David J. Linden, a professor of neuroscience at Johns Hopkins University and author of
The Compass of Pleasure
, connects this pleasure of learning and training in humans to the neurobiology of other addictions.
He notes that learning, along with behaviors such as gambling, shopping, and sex, “evoke neural signals that converge on a small group of interconnected brain areas called the medial forebrain pleasure circuit.” Successful dog training creates what we could call a learning addiction, driven by pleasure circuits. Linden notes that these circuits “can also be co-opted by artificial activators like cocaine or nicotine or heroin or alcohol.”
Human medicine has only recently started to regard chemical dependency as a physical and chronic illness requiring ongoing (perhaps lifelong) care, rather than a condition (like an infection) that we can treat, cure, and quickly put behind us.

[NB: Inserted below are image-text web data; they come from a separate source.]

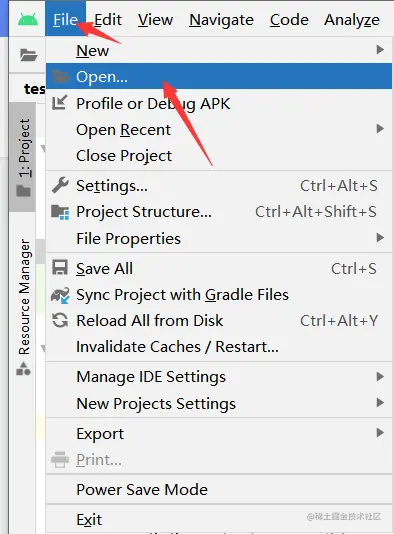 安卓期末作业-仿外卖简单app(Android导入步骤及其问题解决办法)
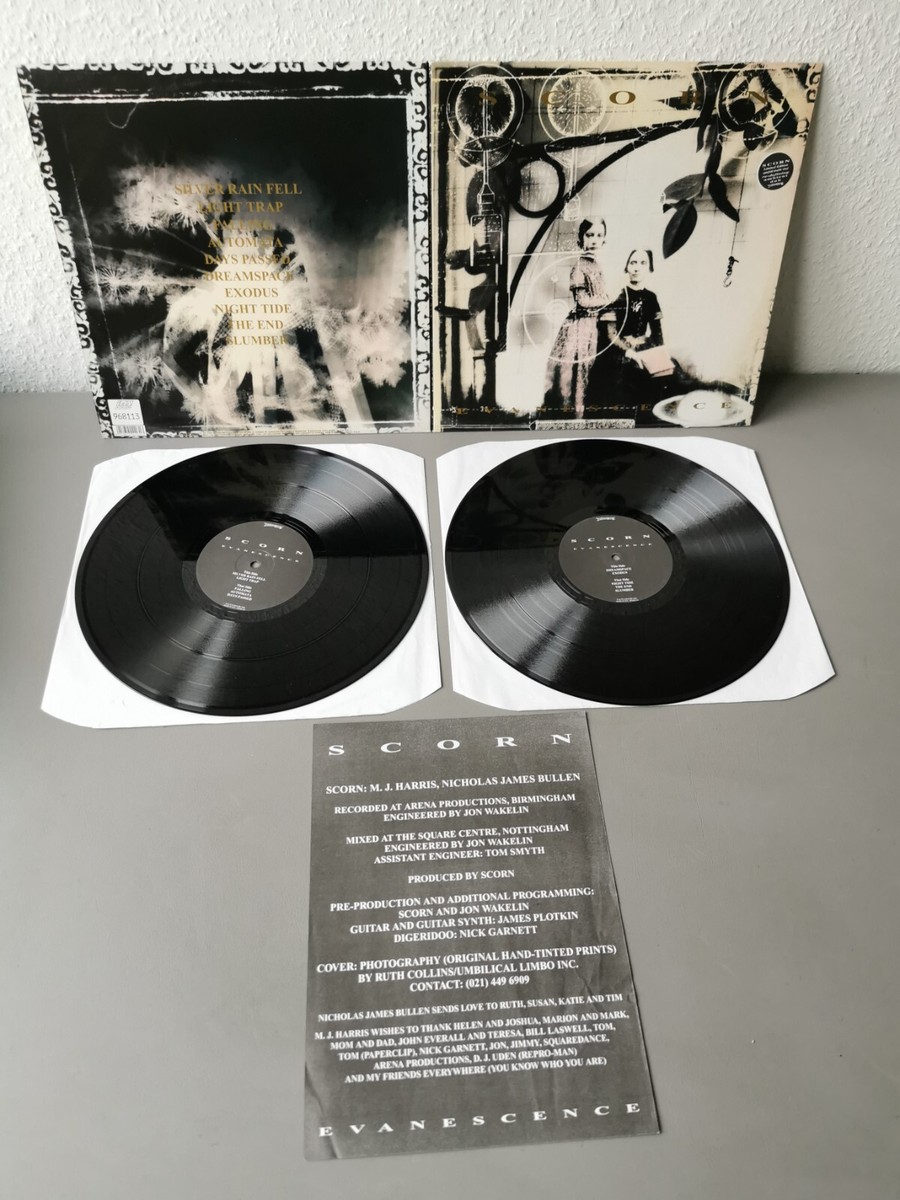 LP SCORN (ORIGINAL SOUNDTRACK) (2LP) Lustmord & Anthek - Scorn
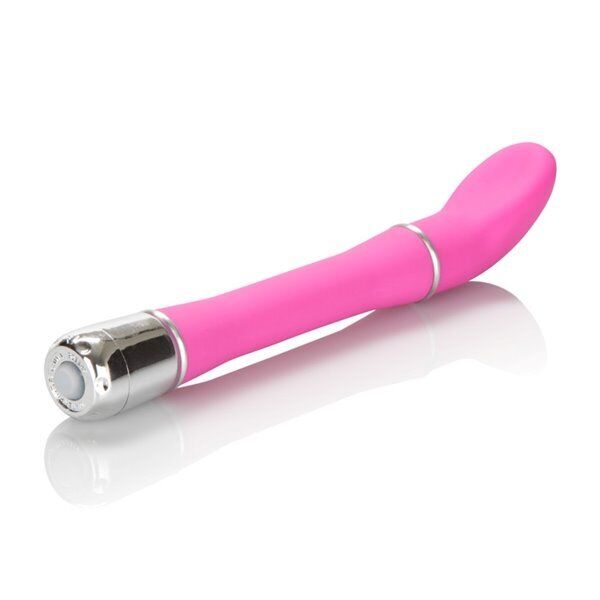 Smooth Slim Slender Curved Clit G-spot Vibe Vibrator Massager Sex-toys for Women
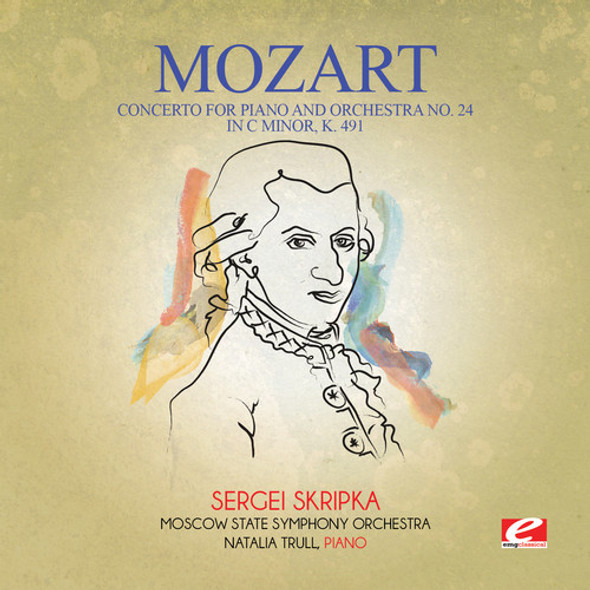 Mozart Concerto For Piano & Orchestra No. 24 In C Minor K CD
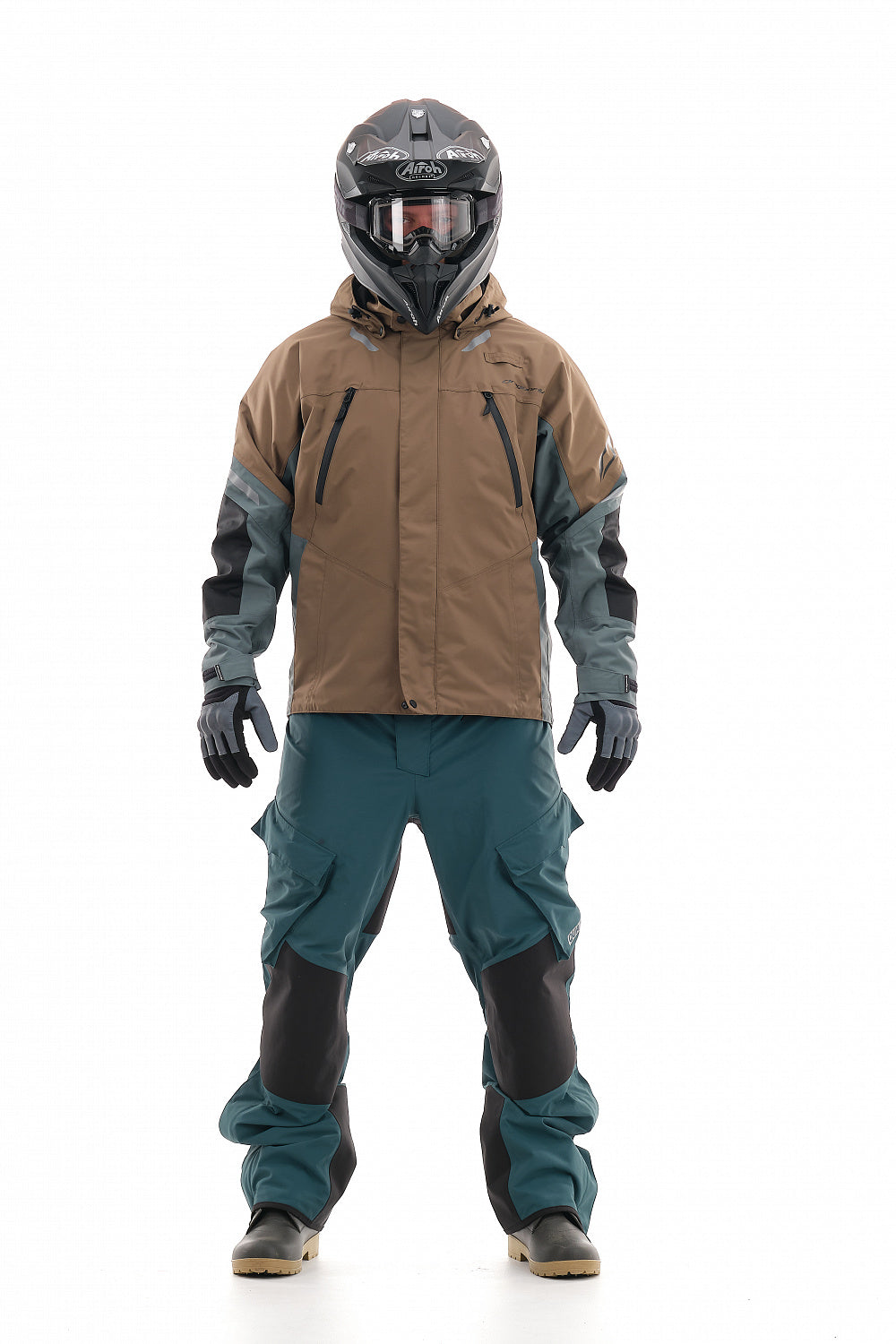 STRIUKĖ DRAGONFLY QUAD 2.0 RUDA/ PILKA UNISEX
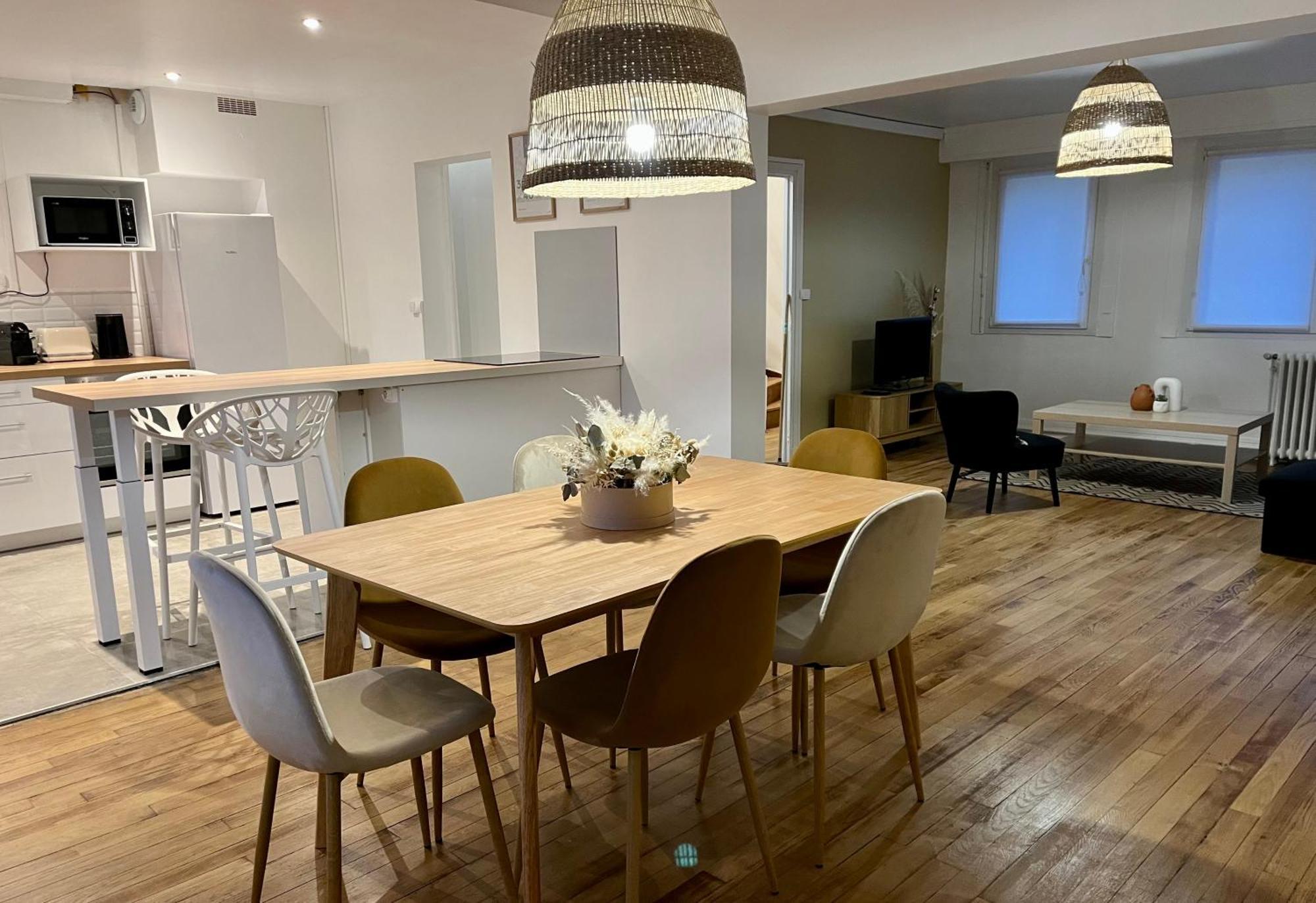 Le Bon'Heurt Apartment เลอปอร์เตล ภายนอก รูปภาพ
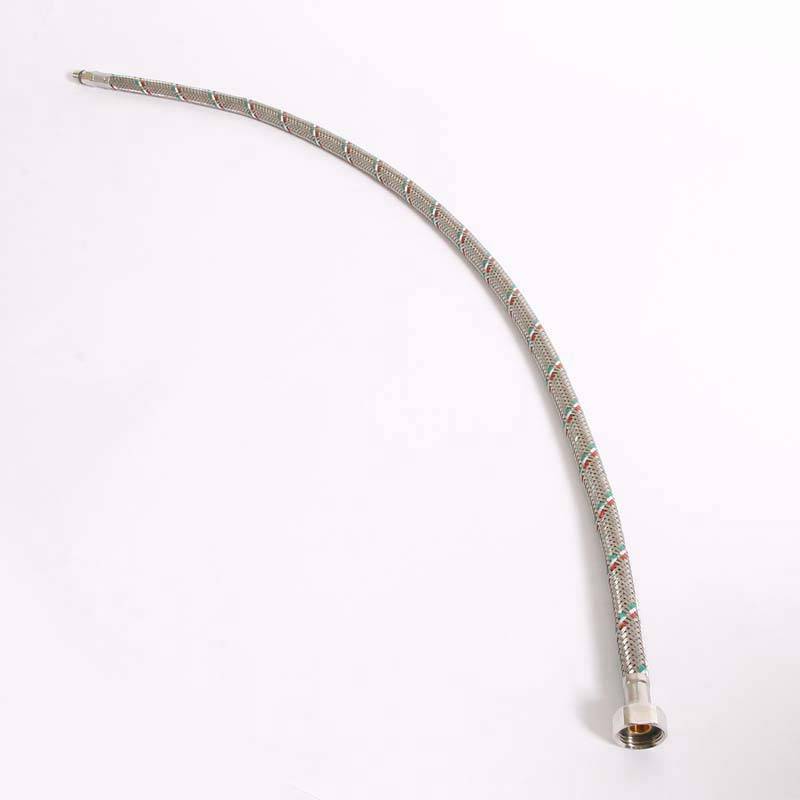 Гибкая подводка для смесителя Uni-Fitt 1/2 x M10 80 см 502S2808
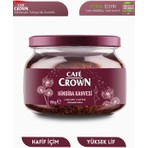 Cafe Crown Hindiba Kahvesi 150 gr Yumuşak Lezzetli Türkiye Menşeli Organik Granül Kahve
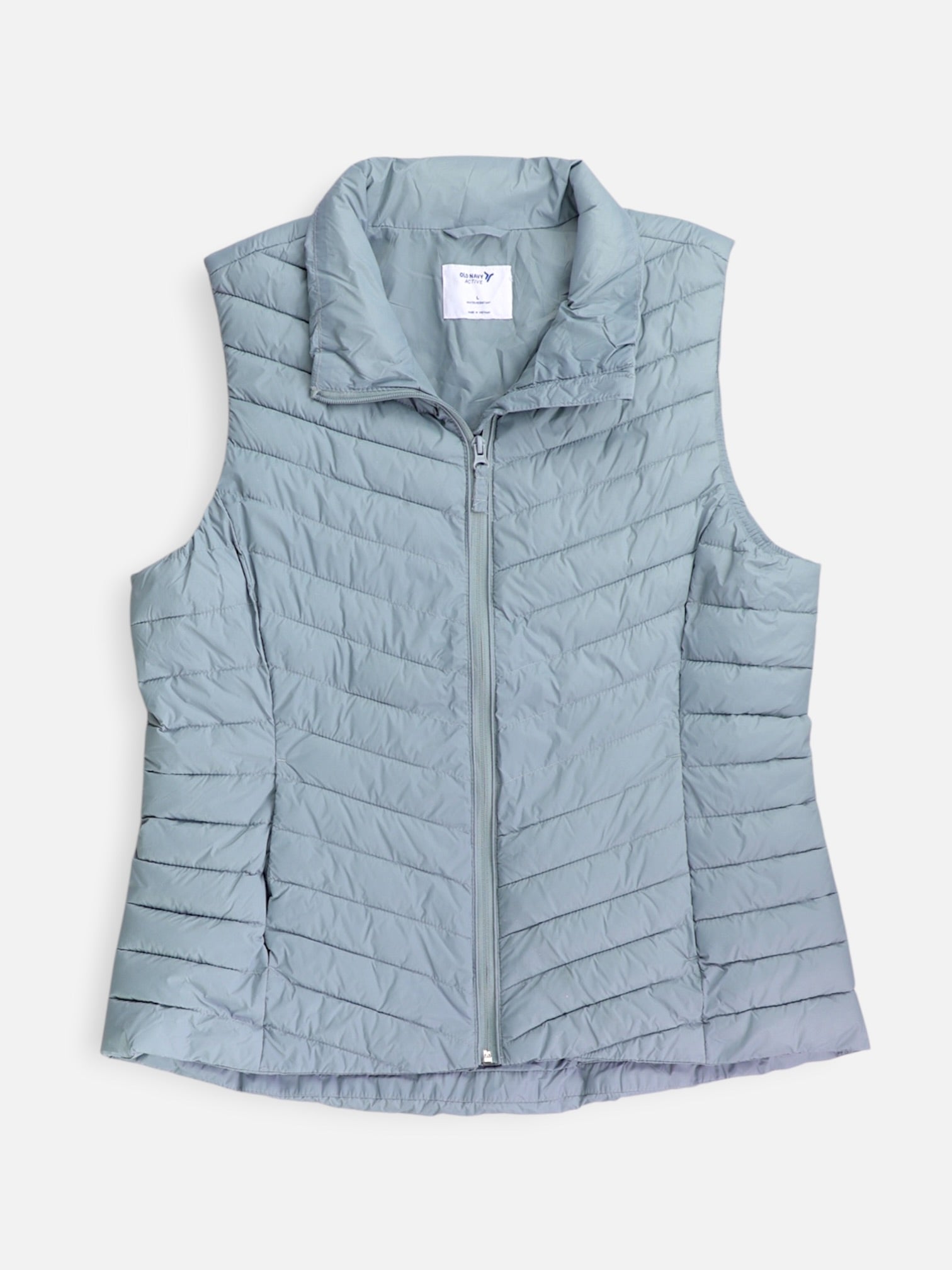 Old Navy Chaleco Puffer - Mujer - Large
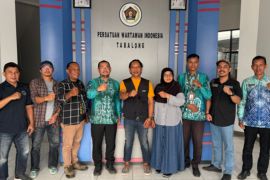 Bawaslu - PWI Tabalong jalin kemitraan perkuat informasi publik
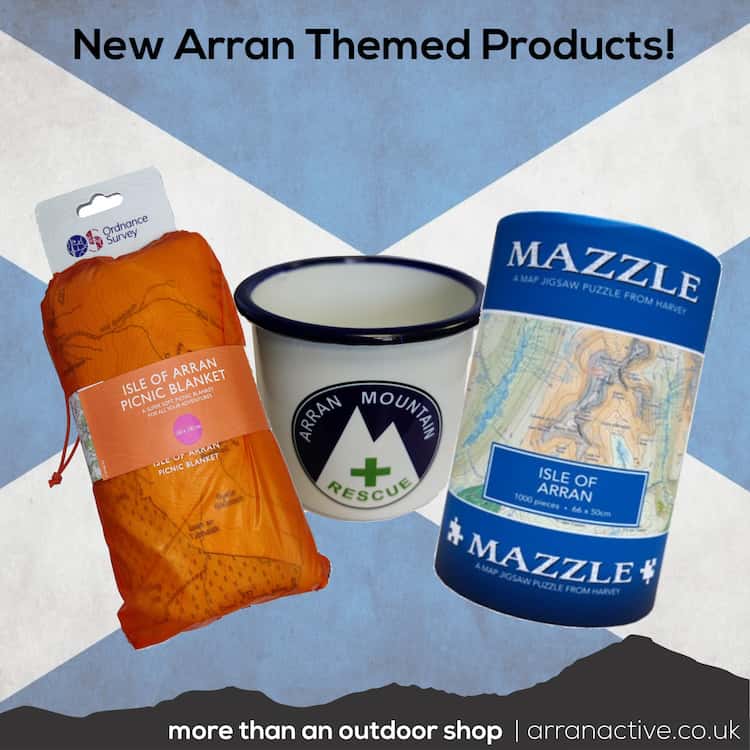 New Arran Themed Products!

Understanding the evolutionary origins of addiction can improve how we care for this disease. It may help us be more compassionate to users and addicts and can help us understand that substance use in animals of all kinds is an attempt to get a little more of what we spend our lives seeking.
If you exposed a hundred people to a carcinogen, they wouldn’t all get cancer. It’s the same thing with drugs. Expose a hundred animals to a chemical molecule, and they’re not all going to get addicted to it. Not all cocker spaniels become toad lickers. Not every monkey steals cocktails or wants to drink one every day. Only some wallabies jump the fence to eat opium poppy sap.
The biological term for these differences within populations is “heterogeneity.” What heterogeneity means in terms of addiction is that each person, each animal, has a slightly different response to each chemical. An abundance of research backs this up: there’s a strong genetic basis for susceptibility to addiction. Recently, families with histories of substance abuse have started educating their children about their particular inborn vulnerabilities. But environmental factors, from the climate in our mother’s uterus to the food we eat and the pathogens we encounter, also play key roles in who becomes an addict. It’s becoming clearer to scientists
that what you eat, where you live, the work you do, and even how you were parented can change how your genes are expressed. The emerging field of epigenetics considers what happens to our personal genetic code when it meets the real world. It explains why nature/nurture is not a divide but, rather, an endless feedback loop.
Genes give an individual high school sophomore a predetermined potential to become addicted to alcohol or drugs. But when and how he encounters those chemical molecules will create the epigenetic effect. For one teen, a Friday night, postgame first exposure to, say, marijuana can activate neural responses that will make cannabis a gateway drug for future use. For that teen’s best friend, that first toke might be just another moment in an ordinary get-together at a friend’s house, a teenage dalliance that he’ll laugh about in a self-deprecating way later in life. Same party; same drug; two different life outcomes. If either teen had encountered that substance as an older adult or as a younger child, again, the outcome might be different.
Like many humans, some nonhuman animals can enjoy the pleasures of substances without apparent adverse effects. The Malaysian pen-tailed tree shrew imbibes copious volumes of fermented palm nectar without observably diminished reflexes or impaired coordination. Zenyatta, a multilaureled and now retired racehorse, traditionally guzzled a Guinness after every race and went on to win the next one.
Heterogeneity stocks every animal’s lockbox with different supplies of drugs. Epigenetics calibrates the codes. Those codes are set and changed throughout our lives. But an important period of code setting occurs in childhood—infancy through adolescence. Human and animal data both suggest that the younger the animal is at first exposure to an external drug, the more likely it is to become addicted and responsive to that drug in the future.